# [Data provided]
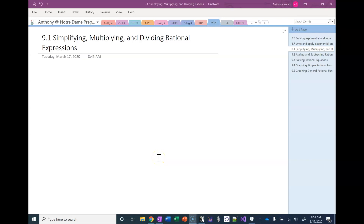Welcome back everyone. We're going to start here talking about chapter 9, which is about rational functions.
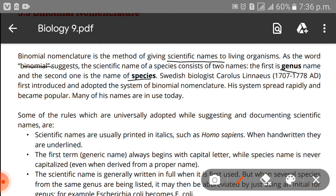Swedish biologist Carlos Linnaeus (1707 to 1778 AD) first introduced and adopted the system of binomial nomenclature for the purpose of naming living organisms. His system spread rapidly and became popular, and many of his names are still in use today.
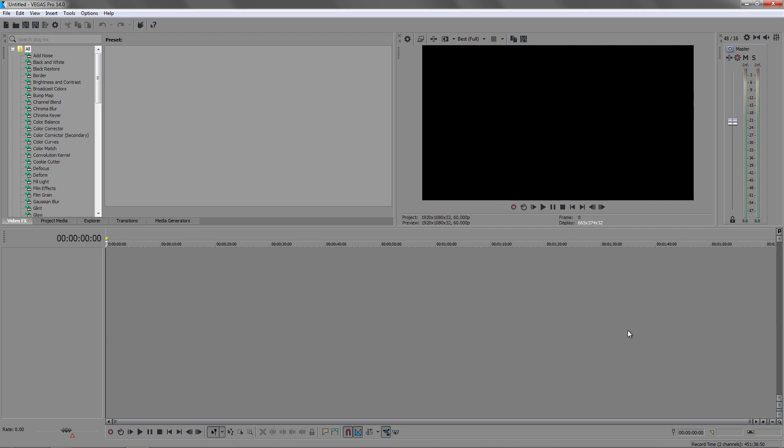How are you all doing? This is Vertex Designs here and for this video we are going to be removing green screen.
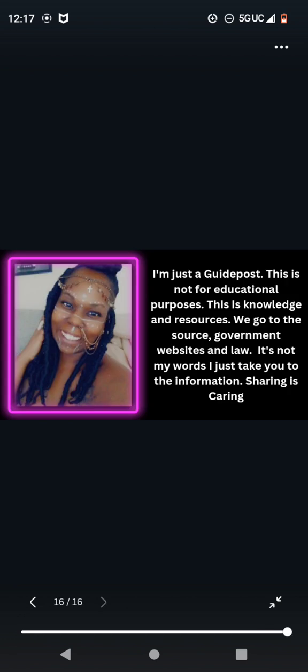I'm just a guidepost. This is not for educational purposes. This is knowledge and resources. We go to the source, government websites and law. It's not my words. I just take you to the information. Sharing is caring. I hope you guys enjoyed this video. Refer to all of the videos because they all tie in. I cannot tell you guys how to fill out the documents. Why? Because they've already tried to set me up on fake charges. But I want to get this information out and break it down as best possible. I hope you guys enjoyed. And as always, much love to my tribe, my haters, and much respect to all that follow thee.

# [Your task]
Keep the pictures out of the copy and return the rest of the data above exactly.

# [Answer for this exercise]
Welcome back everyone. We're going to start here talking about chapter 9, which is about rational functions.
Swedish biologist Carlos Linnaeus (1707 to 1778 AD) first introduced and adopted the system of binomial nomenclature for the purpose of naming living organisms. His system spread rapidly and became popular, and many of his names are still in use today.
How are you all doing? This is Vertex Designs here and for this video we are going to be removing green screen.
I'm just a guidepost. This is not for educational purposes. This is knowledge and resources. We go to the source, government websites and law. It's not my words. I just take you to the information. Sharing is caring. I hope you guys enjoyed this video. Refer to all of the videos because they all tie in. I cannot tell you guys how to fill out the documents. Why? Because they've already tried to set me up on fake charges. But I want to get this information out and break it down as best possible. I hope you guys enjoyed. And as always, much love to my tribe, my haters, and much respect to all that follow thee.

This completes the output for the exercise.